┌─ Data section

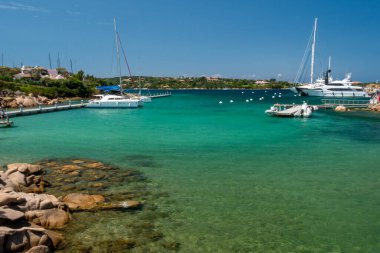 Uzun kepenk, açık sisli kıyı şeridi ve denizde kayalar var.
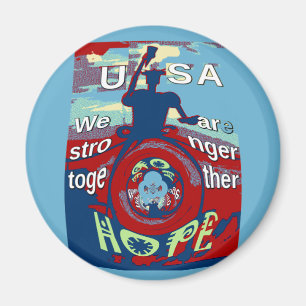 United in Hope: Stronger Together - USA Art Print Magnet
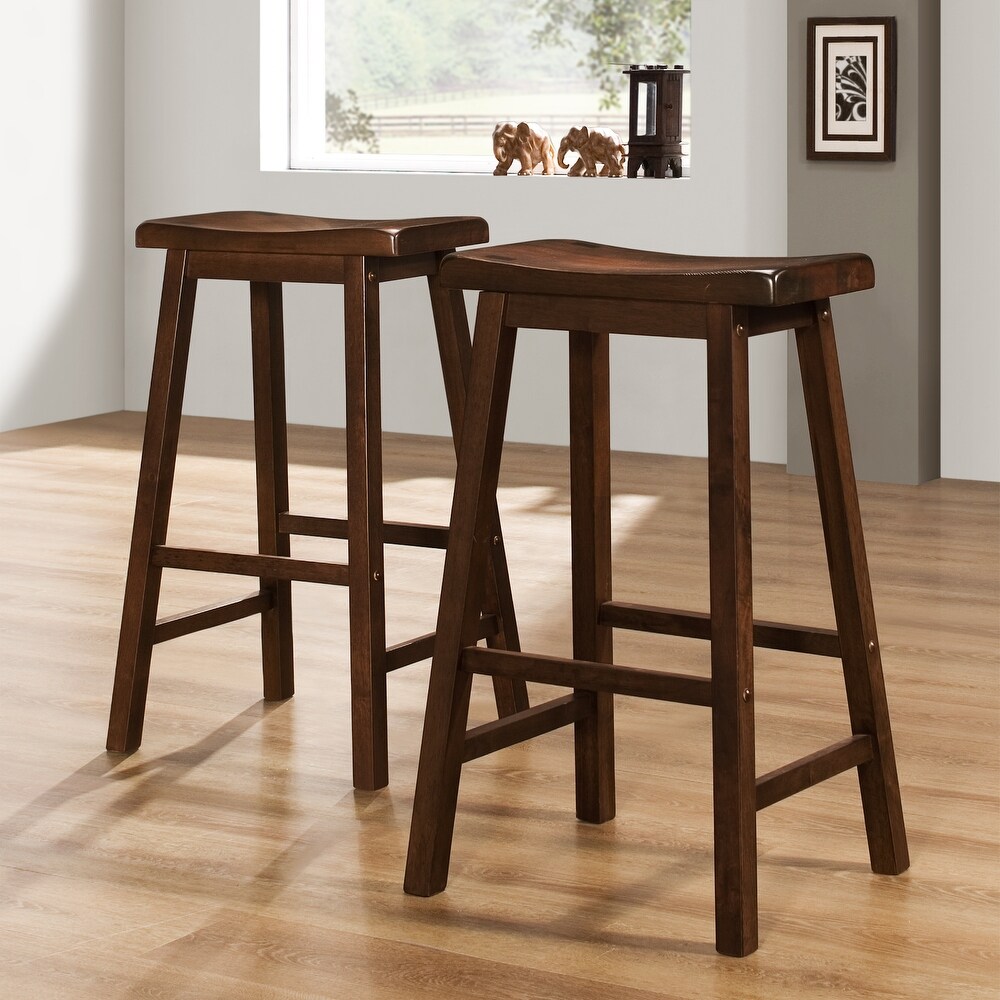 Salvador Saddle 29 inch Counter Height Backless Stools (Set of 2) by iNSPIRE Q Bold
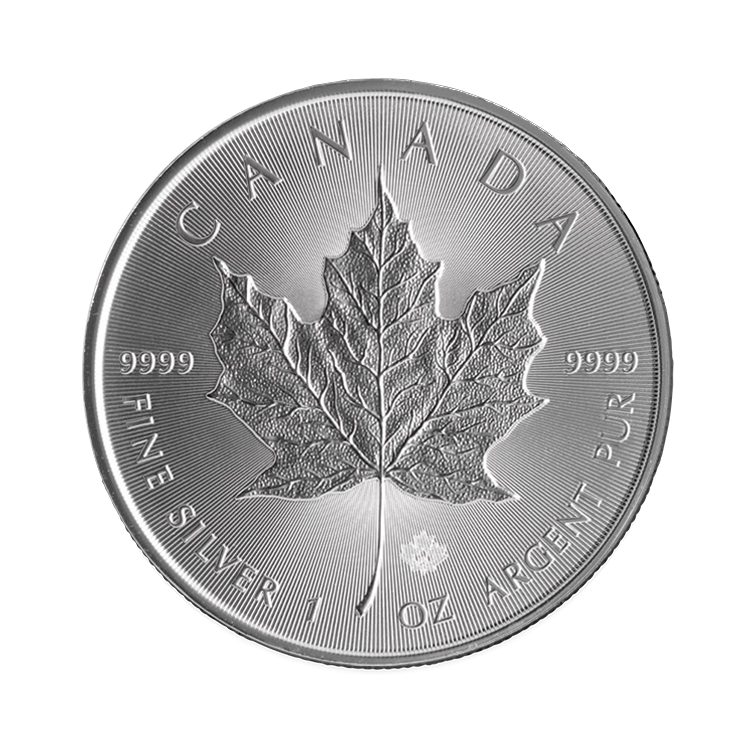 Voorkant 1 troy ounce zilveren Maple Leaf munt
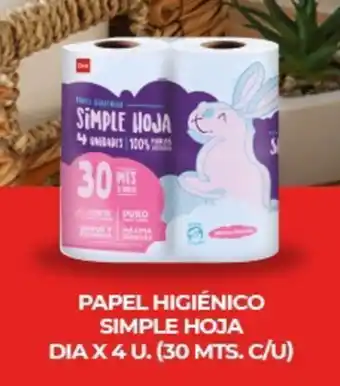 Supermercados DIA PAPEL HIGIÉNICO SIMPLE HOJA DIA X 4 U. (30 MTS. C/U) oferta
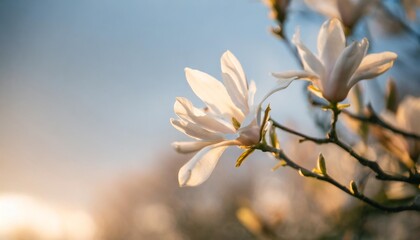 spring is coming blooming white magnolia stellata on a blue sky background
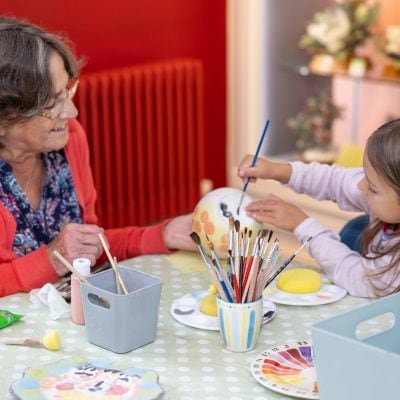 Image of family pottery painting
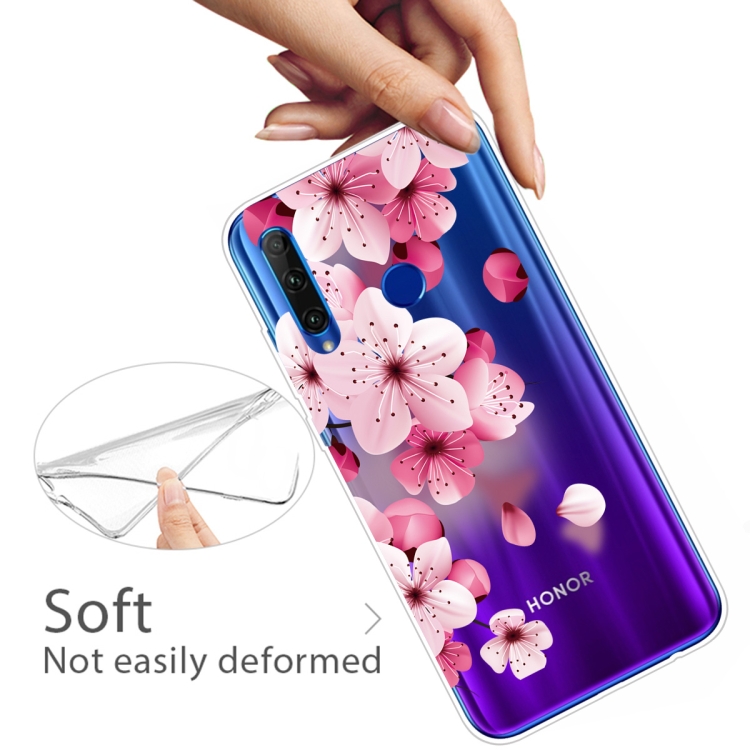 For Huawei Honor 20 Lite Coloured Drawing Pattern Highly Transparent TPU Protective Case(Cherry Blossoms) - 3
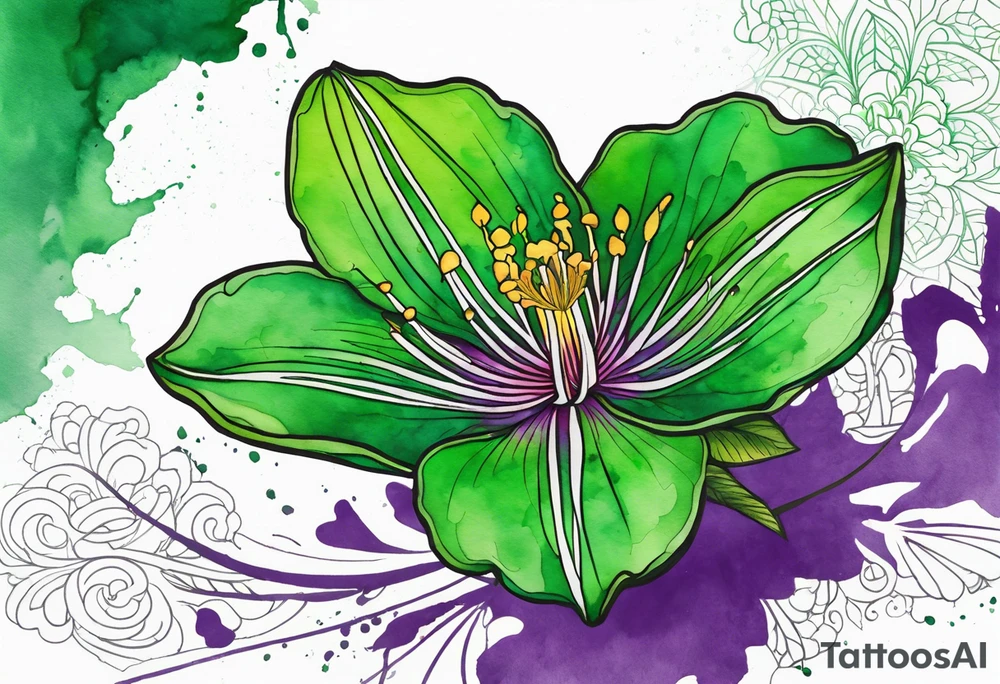 An outline of a green rio dipladenia flower and a green/purple watercolor splatter in the background tattoo idea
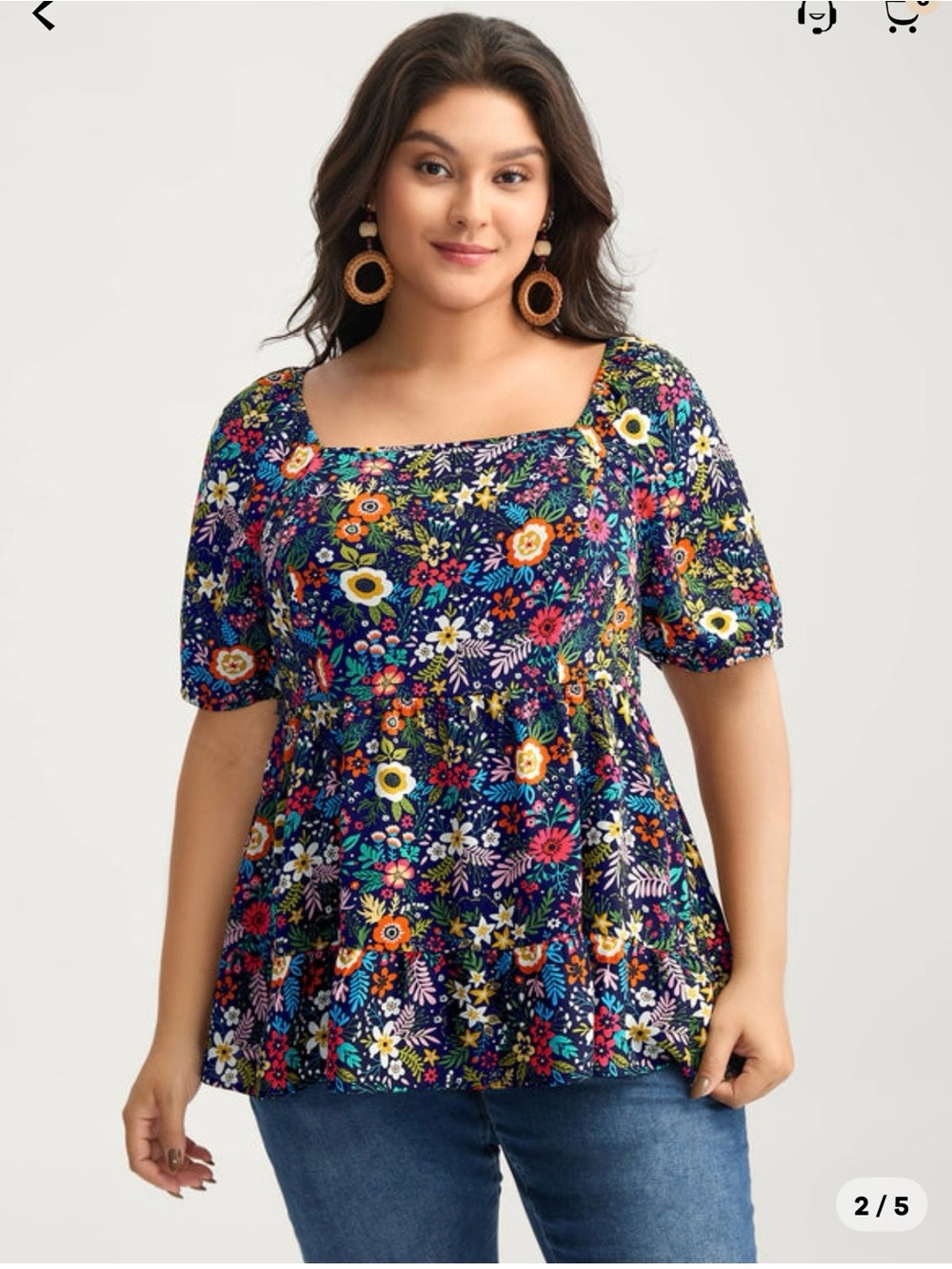 Floral Square-Neck Peplum Top - Navy Multicolor BloomChic size 30W lightweight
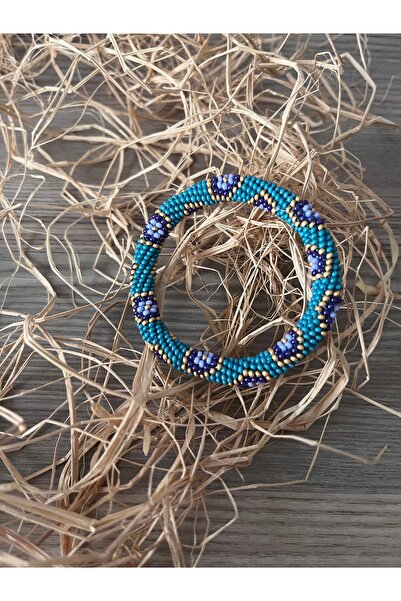 BTU EL YAPIMI ÖRGÜ KUM BONCUK NAZAR BONCUKLU BİLEKLİK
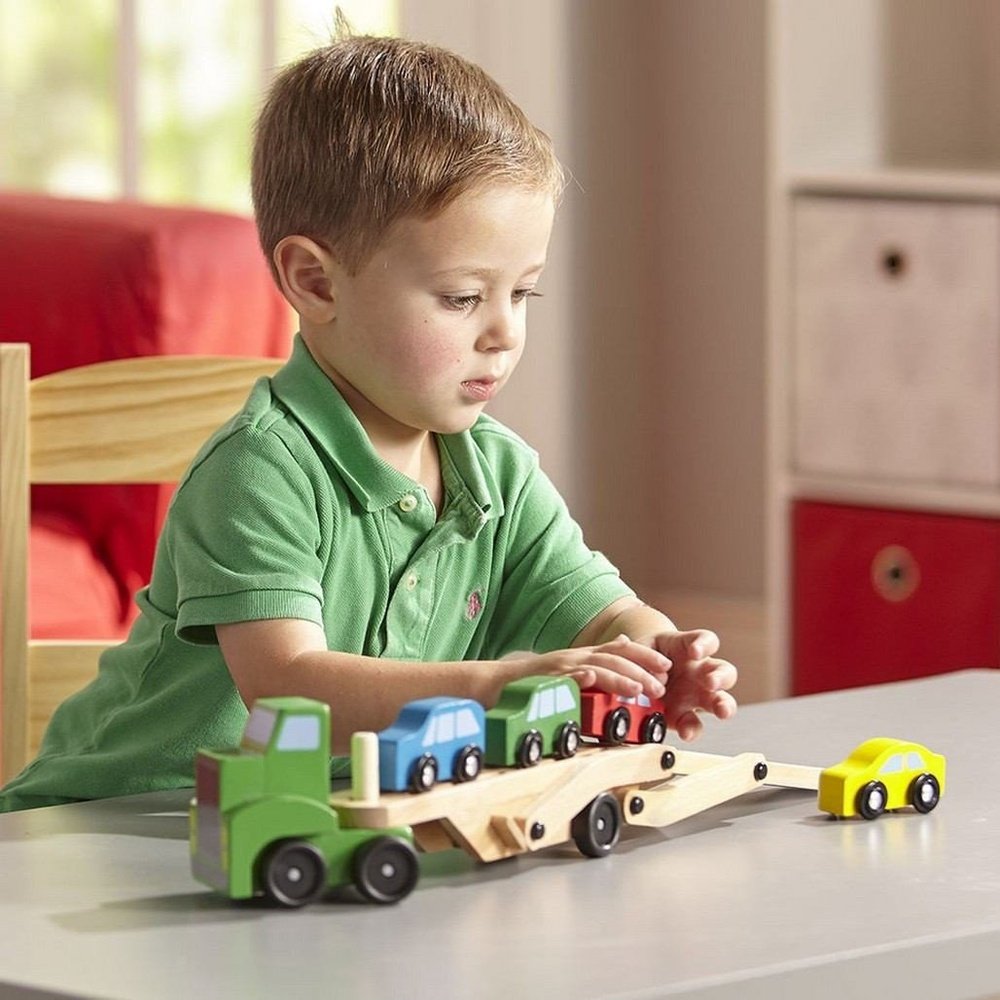 Melissa Doug Car Carrier Wooden Vehicle Play Set Babysupermarket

└─

▶ **Problem details**:
Reprint the entries above exactly, images removed.

▶ **Expected output**:
 Uzun kepenk, açık sisli kıyı şeridi ve denizde kayalar var.
 United in Hope: Stronger Together - USA Art Print Magnet
 Salvador Saddle 29 inch Counter Height Backless Stools (Set of 2) by iNSPIRE Q Bold
 Voorkant 1 troy ounce zilveren Maple Leaf munt
 Supermercados DIA PAPEL HIGIÉNICO SIMPLE HOJA DIA X 4 U. (30 MTS. C/U) oferta
 spring is coming blooming white magnolia stellata on a blue sky background
 Image of family pottery painting
 For Huawei Honor 20 Lite Coloured Drawing Pattern Highly Transparent TPU Protective Case(Cherry Blossoms) - 3
 An outline of a green rio dipladenia flower and a green/purple watercolor splatter in the background tattoo idea
 Floral Square-Neck Peplum Top - Navy Multicolor BloomChic size 30W lightweight
 BTU EL YAPIMI ÖRGÜ KUM BONCUK NAZAR BONCUKLU BİLEKLİK
 Melissa Doug Car Carrier Wooden Vehicle Play Set Babysupermarket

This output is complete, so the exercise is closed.